The durability of concrete is primarily related to its chemistry and porosity, rather than its compressive strength. The penetration of aggressive substances such as chloride ions, carbonation and sulfate ions, or leaching of mineral materials through the concrete microstructure is controlled by the size and connectivity of the pores and cracks.
A number of environmental factors affect the durability of concrete, including temperature fluctuations and freeze-thaw cycles, exposure to deicing salts and sulfates, and acid attacks. Designing concrete mixes that can withstand these factors and implementing proper construction techniques will help ensure the long-term performance of the structure.
In addition, the curing process is essential to achieving good durability in concrete. This includes ensuring that the concrete is kept at a stable temperature and moisture level, which will allow the cementitious materials to fully hydrate. Proper curing will also help reduce the risk of freezing and thawing, which can cause cracking and spalling.

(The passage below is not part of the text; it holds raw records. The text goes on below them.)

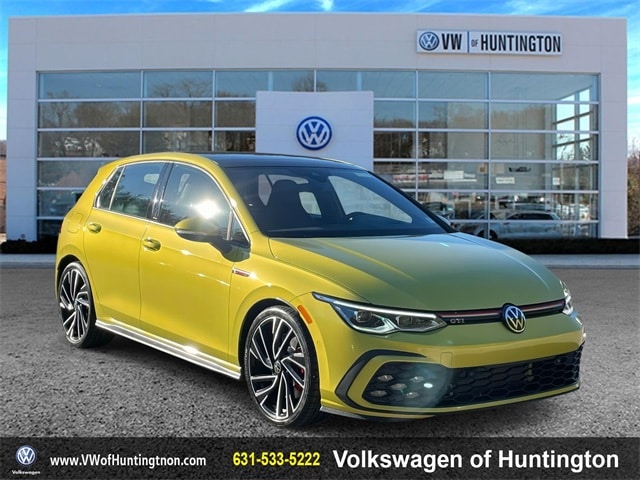 2022 Volkswagen Golf GTI Autobahn's photo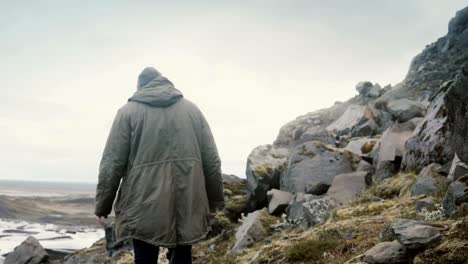 Jungen-Mann-zu-Fuß-durch-die-Berge-im-Vatnajökull-Reisen-Eis-Lagune-mit-Gletscher-in-Island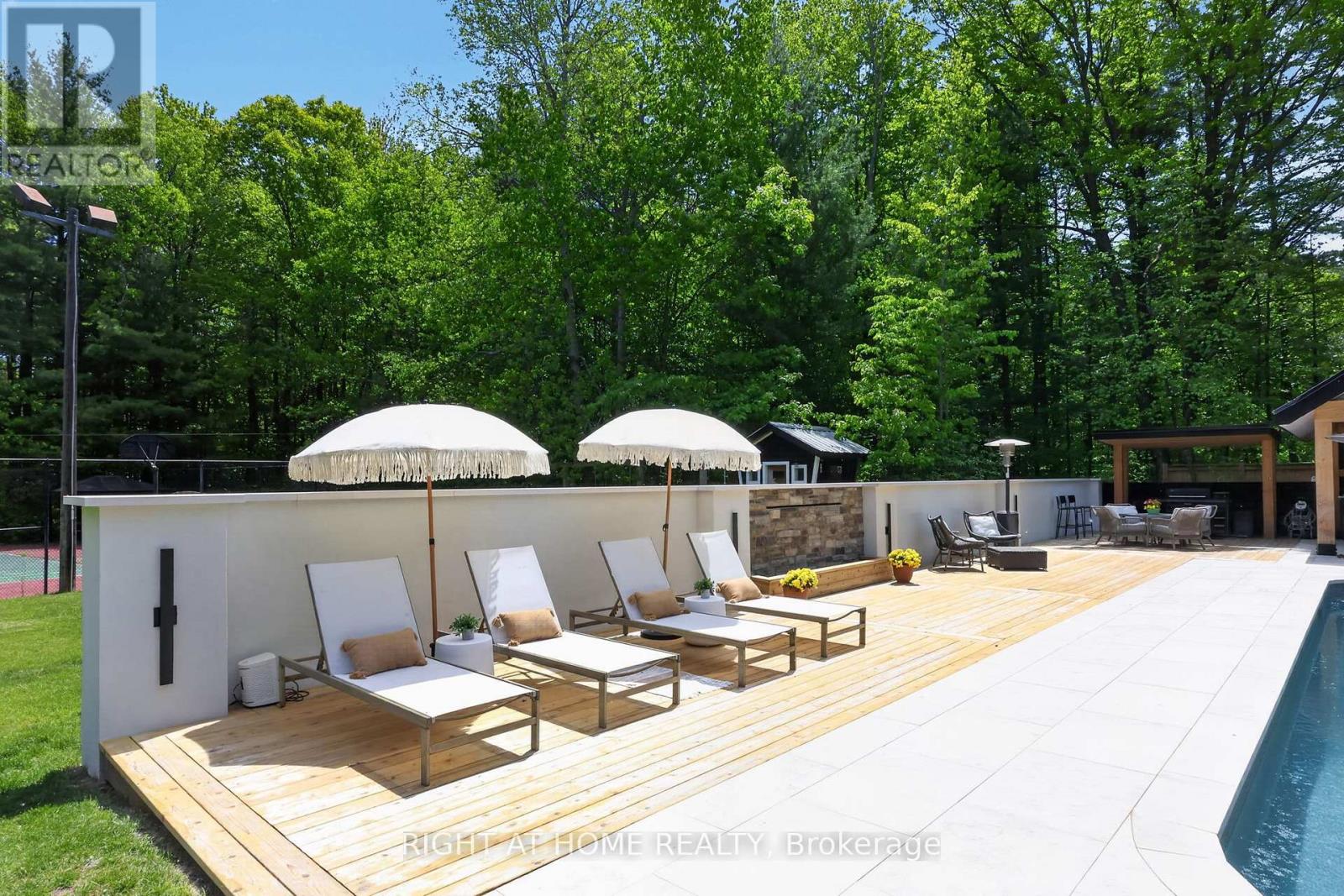16 WOODLAND HEIGHTS DRIVE - 41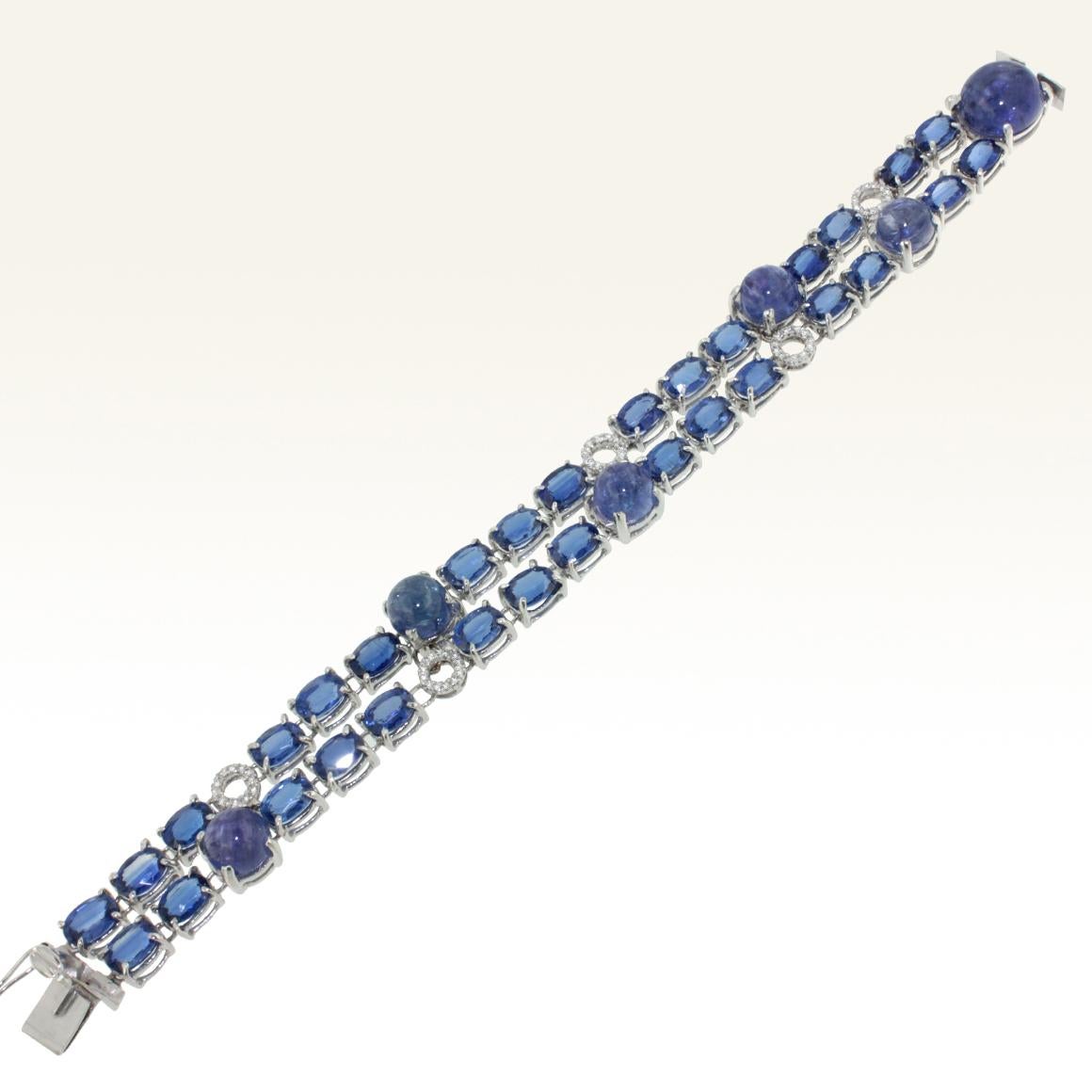 18 Karat White Gold with Tanzanite and White Diamond Bracelet and Earrings Set In New Condition In GALLARATE, IT
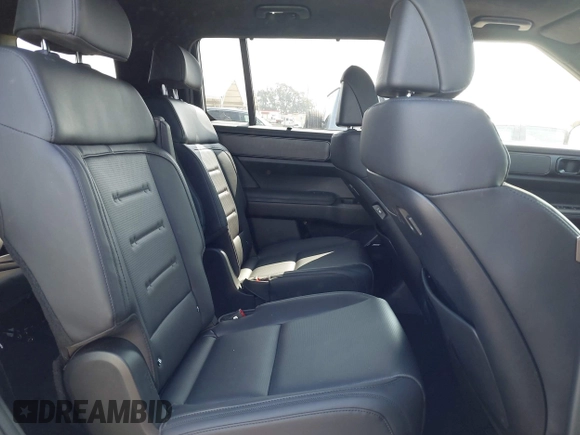 2024 Hyundai Santa Fe Calligraphy with VIN 5NMP54GL6RH037350, listed as a IAAI auction lot 42099643 with 8,326 mi miles and . Bid and sale history available at DreamBid. Image 8.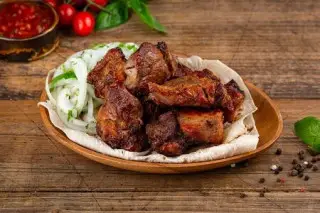 Шашлык из cвинoй шеи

The best way to ensure the durability of concrete is to use a high-quality, properly mixed mix. This means using the right amount of water and adding chemical admixtures, such as plasticizers and superplasticizers. Using these admixtures allows the concrete to flow and self-consolidate, which will make it less likely to crack or lose strength during placement and curing. It is also important to follow proper construction practices and use appropriate formwork and reinforcement. In addition, proper maintenance and repair can also enhance the durability of a concrete structure.
Applications
Concrete’s inherent durability and resistance to extreme weather conditions make it a critical building material for structures from bridges to dams. It also makes for a sound foundational alternative to wood in residential construction. Its fire-resistance and impenetrability deters pests like termites, allowing homeowners to save on energy costs and maintain their homes’ structural integrity.
When used in buildings, the cement-aggregate paste in which concrete is poured forms a durable, dense mass that resists seismic and wind forces, water penetration, and freezing temperatures. In addition to traditional concrete, many alternative materials have been used in the construction of buildings, including recycled glass, fly ash (a byproduct from coal combustion) and ground granulated blast-furnaces slag (GGBFS).

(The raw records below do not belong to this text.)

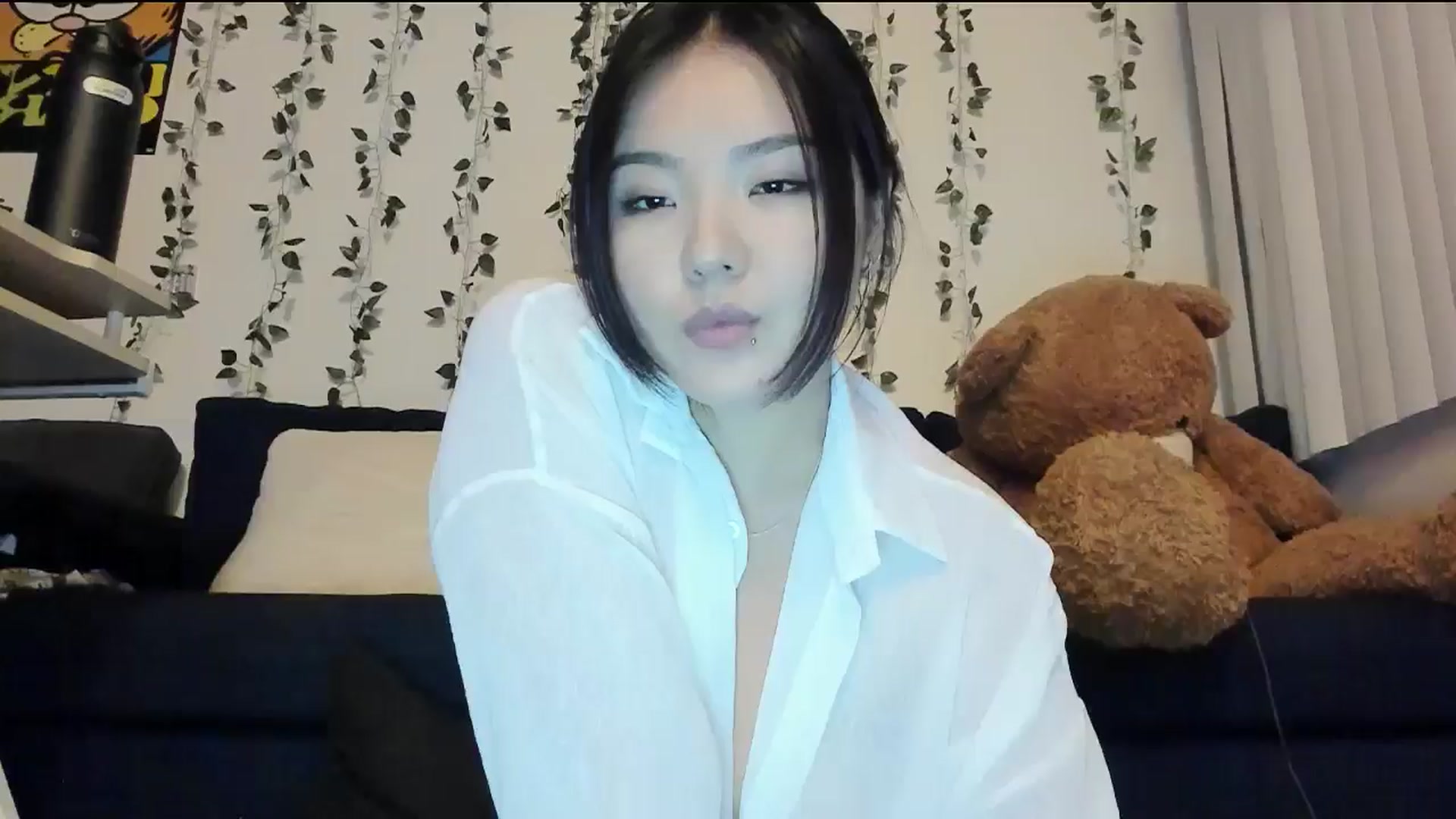 Gallery image thumbnail from Melody__K's myfreecams stream on, 10/30/2024, 07:57 image 1 of 20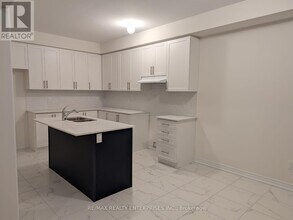 1279 Davis Lp in Innisfil, ON - Building Photo - Building Photo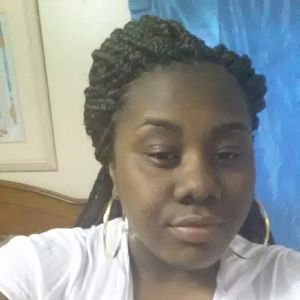 Meet your Posher, Kiya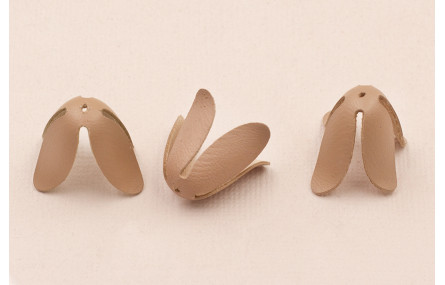 Campanilla Cuero 25mm alto blanco roto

A key feature of concrete is its high thermal mass, which slows down the transmission of heat. Concrete’s natural insulating properties also reduce heating and cooling costs, making it an ideal choice for commercial building applications.

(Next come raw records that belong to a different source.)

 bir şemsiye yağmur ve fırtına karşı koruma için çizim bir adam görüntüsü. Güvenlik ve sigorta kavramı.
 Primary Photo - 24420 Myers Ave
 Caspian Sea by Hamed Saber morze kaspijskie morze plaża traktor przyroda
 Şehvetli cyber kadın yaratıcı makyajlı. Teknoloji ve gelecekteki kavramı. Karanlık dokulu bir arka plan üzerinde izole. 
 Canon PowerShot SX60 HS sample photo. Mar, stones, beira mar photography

The low weight of concrete also contributes to its durability and ease of transport. For this reason, it is frequently used as a filler in road and runway construction. In some cases, concrete is precast and delivered to a construction site ready for installation. This reduces the time and labor needed for on-site mixing.
In many concrete applications, chemical admixtures are added to improve workability and performance. Plasticizers, such as lignosulfonate, increase the plasticity of concrete without changing the water-cement ratio. Air-entraining admixtures are used in high-strength concrete to promote better flow and minimize segregation and bleeding. Concrete pumpability is also improved by the use of superplasticizers, such as xylene.
During the curing process, calcium silicate hydrate (C-S-H) forms in concrete, adding to its strength and durability. In structures that will experience a lot of tensile stresses, such as beams and slabs, concrete can be made prestressed to counteract its tendencies to sag. In this form of concrete, steel tendons or bars are placed in the concrete before pouring to achieve the necessary stress distribution.